As a conservative, he is as appalled as his conservative colleagues by the administration’s central argument that ObamaCare’s individual mandate is a proper exercise of its authority to regulate commerce. That makes congressional power effectively unlimited. Mr. Jones is not a purchaser of health insurance. Mr. Jones has therefore manifestly not entered into any commerce. Yet Congress tells him he must buy health insurance — on the grounds that it is regulating commerce. If government can do that under the Commerce Clause, what can it not do?
But now government can do it not under the Commerce Clause, thanks to the ruling. Mr. Jones can be ordered to do anything, and be fined if he doesn’t, on the grounds that the fine is a tax.
“The Framers … gave Congress the power to regulate commerce, not to compel it,” writes Roberts. Otherwise you “undermine the principle that the Federal Government is a government of limited and enumerated powers.”
That’s Roberts, philosophical conservative.
But he lives in uneasy coexistence with Roberts, custodian of the court, acutely aware that the judiciary’s arrogation of power has eroded the esteem in which it was once held …
National health care has been a liberal dream for a hundred years. It is clearly the most significant piece of social legislation in decades. Roberts’ concern was that the court do everything it could to avoid being seen, rightly or wrongly, as high-handedly overturning sweeping legislation passed by both houses of Congress and signed by the president.
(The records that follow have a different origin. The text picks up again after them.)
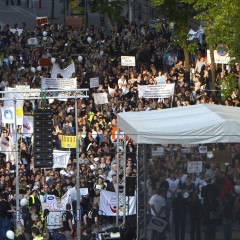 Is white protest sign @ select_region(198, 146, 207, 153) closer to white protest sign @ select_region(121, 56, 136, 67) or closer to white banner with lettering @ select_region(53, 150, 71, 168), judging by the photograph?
white banner with lettering @ select_region(53, 150, 71, 168)

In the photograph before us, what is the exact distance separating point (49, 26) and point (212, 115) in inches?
1092

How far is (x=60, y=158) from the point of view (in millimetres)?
31984

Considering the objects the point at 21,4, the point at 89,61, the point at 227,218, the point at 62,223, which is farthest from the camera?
the point at 21,4

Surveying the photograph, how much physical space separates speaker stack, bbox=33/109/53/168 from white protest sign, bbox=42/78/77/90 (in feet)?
20.7

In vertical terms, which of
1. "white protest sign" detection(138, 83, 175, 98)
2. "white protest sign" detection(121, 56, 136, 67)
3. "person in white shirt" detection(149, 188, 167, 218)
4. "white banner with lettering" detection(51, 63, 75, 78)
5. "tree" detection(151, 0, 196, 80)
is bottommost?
"person in white shirt" detection(149, 188, 167, 218)

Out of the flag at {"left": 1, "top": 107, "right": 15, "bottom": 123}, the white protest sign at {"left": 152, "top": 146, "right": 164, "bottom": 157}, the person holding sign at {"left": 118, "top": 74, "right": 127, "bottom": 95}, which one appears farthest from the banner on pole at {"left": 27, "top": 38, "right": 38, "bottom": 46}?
the white protest sign at {"left": 152, "top": 146, "right": 164, "bottom": 157}

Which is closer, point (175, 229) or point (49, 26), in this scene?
point (175, 229)

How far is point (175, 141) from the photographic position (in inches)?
958

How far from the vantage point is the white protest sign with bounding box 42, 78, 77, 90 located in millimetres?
36500

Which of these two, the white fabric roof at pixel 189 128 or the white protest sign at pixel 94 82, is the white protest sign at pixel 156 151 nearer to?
the white fabric roof at pixel 189 128

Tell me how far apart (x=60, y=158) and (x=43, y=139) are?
2.69 metres

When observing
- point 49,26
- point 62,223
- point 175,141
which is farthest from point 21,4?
point 175,141

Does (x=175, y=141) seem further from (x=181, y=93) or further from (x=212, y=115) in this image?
(x=181, y=93)

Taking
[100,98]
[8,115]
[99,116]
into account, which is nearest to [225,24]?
[99,116] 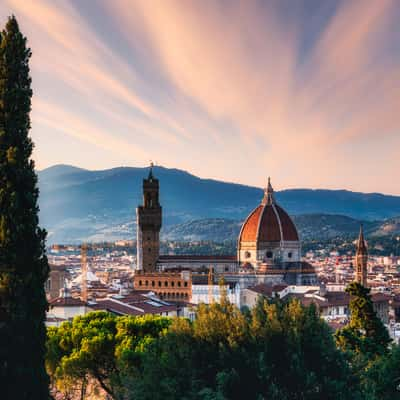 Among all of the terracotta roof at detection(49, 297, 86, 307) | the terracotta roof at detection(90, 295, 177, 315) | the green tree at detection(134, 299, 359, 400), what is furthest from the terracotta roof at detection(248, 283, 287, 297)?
the green tree at detection(134, 299, 359, 400)

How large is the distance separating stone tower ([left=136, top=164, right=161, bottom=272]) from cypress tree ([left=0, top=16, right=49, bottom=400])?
172 ft

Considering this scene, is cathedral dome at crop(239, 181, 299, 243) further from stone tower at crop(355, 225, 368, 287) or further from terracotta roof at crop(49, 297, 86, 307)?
terracotta roof at crop(49, 297, 86, 307)

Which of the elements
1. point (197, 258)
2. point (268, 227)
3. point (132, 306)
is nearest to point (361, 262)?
point (268, 227)

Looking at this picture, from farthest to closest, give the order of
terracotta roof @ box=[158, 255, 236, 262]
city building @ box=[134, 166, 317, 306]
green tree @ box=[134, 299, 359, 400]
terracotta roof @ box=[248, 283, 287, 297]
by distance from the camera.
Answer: terracotta roof @ box=[158, 255, 236, 262], city building @ box=[134, 166, 317, 306], terracotta roof @ box=[248, 283, 287, 297], green tree @ box=[134, 299, 359, 400]

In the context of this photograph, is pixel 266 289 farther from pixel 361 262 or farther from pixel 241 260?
pixel 241 260

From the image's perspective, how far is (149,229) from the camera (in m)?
66.9

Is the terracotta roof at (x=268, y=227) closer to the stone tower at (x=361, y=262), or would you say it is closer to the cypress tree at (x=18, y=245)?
the stone tower at (x=361, y=262)

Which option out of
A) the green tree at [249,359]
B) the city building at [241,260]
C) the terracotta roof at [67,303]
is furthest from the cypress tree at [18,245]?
the city building at [241,260]

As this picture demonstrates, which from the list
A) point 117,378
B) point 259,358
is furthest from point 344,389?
point 117,378

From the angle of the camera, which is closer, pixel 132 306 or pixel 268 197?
pixel 132 306

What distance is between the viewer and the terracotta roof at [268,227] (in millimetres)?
65500

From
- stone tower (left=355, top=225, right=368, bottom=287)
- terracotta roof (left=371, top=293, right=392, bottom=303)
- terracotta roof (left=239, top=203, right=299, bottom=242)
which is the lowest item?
terracotta roof (left=371, top=293, right=392, bottom=303)

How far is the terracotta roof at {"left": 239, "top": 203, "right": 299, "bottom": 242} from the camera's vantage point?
6550 centimetres

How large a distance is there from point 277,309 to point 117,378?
3.99 meters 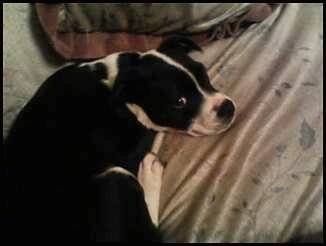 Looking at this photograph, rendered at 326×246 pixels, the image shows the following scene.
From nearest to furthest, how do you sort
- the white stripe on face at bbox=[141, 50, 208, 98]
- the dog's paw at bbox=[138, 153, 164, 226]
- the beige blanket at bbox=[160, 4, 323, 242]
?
the beige blanket at bbox=[160, 4, 323, 242] → the dog's paw at bbox=[138, 153, 164, 226] → the white stripe on face at bbox=[141, 50, 208, 98]

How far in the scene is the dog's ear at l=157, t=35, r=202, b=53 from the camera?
1.42 meters

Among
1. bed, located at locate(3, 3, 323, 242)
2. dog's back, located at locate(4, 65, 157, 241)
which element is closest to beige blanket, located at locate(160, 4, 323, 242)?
bed, located at locate(3, 3, 323, 242)

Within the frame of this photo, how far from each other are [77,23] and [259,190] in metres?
0.68

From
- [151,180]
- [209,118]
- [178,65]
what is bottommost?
[151,180]

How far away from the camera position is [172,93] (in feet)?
4.41

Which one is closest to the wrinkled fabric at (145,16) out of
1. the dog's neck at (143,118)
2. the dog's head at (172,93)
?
the dog's head at (172,93)

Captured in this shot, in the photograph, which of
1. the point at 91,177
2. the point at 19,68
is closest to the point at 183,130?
the point at 91,177

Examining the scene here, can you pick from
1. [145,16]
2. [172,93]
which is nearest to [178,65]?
[172,93]

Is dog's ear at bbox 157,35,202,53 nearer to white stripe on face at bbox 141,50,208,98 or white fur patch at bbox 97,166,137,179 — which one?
white stripe on face at bbox 141,50,208,98

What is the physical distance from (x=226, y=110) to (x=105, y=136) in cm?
32

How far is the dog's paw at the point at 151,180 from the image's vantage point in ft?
4.08

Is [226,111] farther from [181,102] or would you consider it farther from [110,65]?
[110,65]

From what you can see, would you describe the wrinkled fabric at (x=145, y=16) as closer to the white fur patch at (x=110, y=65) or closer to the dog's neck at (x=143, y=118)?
the white fur patch at (x=110, y=65)

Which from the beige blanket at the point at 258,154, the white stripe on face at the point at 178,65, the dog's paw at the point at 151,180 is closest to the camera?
the beige blanket at the point at 258,154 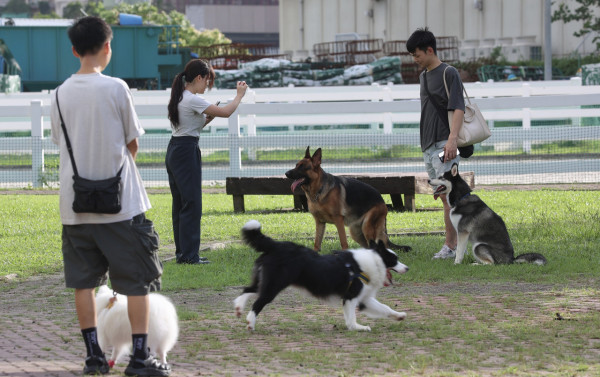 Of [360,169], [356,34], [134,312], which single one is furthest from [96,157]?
[356,34]

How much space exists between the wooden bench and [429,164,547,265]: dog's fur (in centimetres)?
383

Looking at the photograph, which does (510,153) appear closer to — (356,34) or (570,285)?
(570,285)

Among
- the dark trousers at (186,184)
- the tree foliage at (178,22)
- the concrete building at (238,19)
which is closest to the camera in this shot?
the dark trousers at (186,184)

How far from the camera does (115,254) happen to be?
17.9ft

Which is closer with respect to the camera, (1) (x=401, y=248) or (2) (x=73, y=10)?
(1) (x=401, y=248)

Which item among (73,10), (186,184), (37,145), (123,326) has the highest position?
(73,10)

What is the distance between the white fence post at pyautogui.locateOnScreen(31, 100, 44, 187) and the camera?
62.4 feet

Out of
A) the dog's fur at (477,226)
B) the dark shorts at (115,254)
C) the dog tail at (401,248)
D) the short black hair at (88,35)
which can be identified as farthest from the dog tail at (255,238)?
the dog tail at (401,248)

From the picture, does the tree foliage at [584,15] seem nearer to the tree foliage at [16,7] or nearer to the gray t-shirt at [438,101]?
the gray t-shirt at [438,101]

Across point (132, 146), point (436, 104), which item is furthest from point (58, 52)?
point (132, 146)

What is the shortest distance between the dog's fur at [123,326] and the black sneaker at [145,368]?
144mm

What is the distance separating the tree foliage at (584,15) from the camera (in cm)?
4216

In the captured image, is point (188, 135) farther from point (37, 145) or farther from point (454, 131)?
point (37, 145)

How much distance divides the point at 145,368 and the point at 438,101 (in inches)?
200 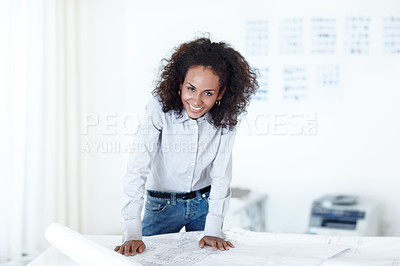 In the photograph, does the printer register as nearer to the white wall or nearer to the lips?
the white wall

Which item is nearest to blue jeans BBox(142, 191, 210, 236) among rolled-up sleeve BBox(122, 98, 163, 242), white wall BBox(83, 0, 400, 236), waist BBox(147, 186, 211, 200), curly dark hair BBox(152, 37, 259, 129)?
waist BBox(147, 186, 211, 200)

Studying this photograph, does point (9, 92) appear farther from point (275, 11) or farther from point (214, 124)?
point (275, 11)

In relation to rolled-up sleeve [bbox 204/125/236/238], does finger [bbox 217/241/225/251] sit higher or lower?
lower

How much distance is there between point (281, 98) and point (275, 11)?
647 millimetres

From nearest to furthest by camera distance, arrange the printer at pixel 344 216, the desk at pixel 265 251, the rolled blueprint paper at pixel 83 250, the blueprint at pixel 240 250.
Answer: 1. the rolled blueprint paper at pixel 83 250
2. the blueprint at pixel 240 250
3. the desk at pixel 265 251
4. the printer at pixel 344 216

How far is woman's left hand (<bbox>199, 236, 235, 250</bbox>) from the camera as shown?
57.4 inches

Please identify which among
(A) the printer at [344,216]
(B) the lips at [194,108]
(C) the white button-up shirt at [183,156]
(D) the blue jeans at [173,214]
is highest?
(B) the lips at [194,108]

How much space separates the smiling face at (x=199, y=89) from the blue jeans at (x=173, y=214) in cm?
36

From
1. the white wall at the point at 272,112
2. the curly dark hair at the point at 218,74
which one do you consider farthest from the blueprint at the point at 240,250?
the white wall at the point at 272,112

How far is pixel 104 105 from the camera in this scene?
347cm

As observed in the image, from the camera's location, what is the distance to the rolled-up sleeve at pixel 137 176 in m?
1.42

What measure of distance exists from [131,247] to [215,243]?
27cm

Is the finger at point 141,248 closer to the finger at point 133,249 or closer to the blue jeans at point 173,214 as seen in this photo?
the finger at point 133,249

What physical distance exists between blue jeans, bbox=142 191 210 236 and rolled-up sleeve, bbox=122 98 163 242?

How to reconcile the two imperatives — one philosophical and the other institutional? Assign yourself the task of writing the majority opinion. Find the ultimate finesse that manages to uphold the law, but only on the most narrow of grounds — interpreting the individual mandate as merely a tax, something generally within the power of Congress.
Result? The law stands, thus obviating any charge that a partisan court overturned duly passed legislation. And yet at the same time the Commerce Clause is reined in. By denying that it could justify the imposition of an individual mandate, Roberts draws the line against the inexorable decades-old expansion of congressional power under the Commerce Clause fig leaf.
Law upheld, Supreme Court’s reputation for neutrality maintained. Commerce Clause contained, constitutional principle of enumerated powers reaffirmed.
That’s not how I would have ruled. I think the “mandate is merely a tax” argument is a dodge, and a flimsy one at that. (The “tax” is obviously punitive, regulatory and intended to compel.) Perhaps that’s not how Roberts would have ruled had he been just an associate justice, and not the chief. But that’s how he did rule.
ObamaCare is now essentially upheld. There’s only one way it can be overturned. The same way it was passed — elect a new president and a new Congress.
So it is up to the voters to decide in November whether they want a government that is their master or their servant.
To choose between tyranny and freedom.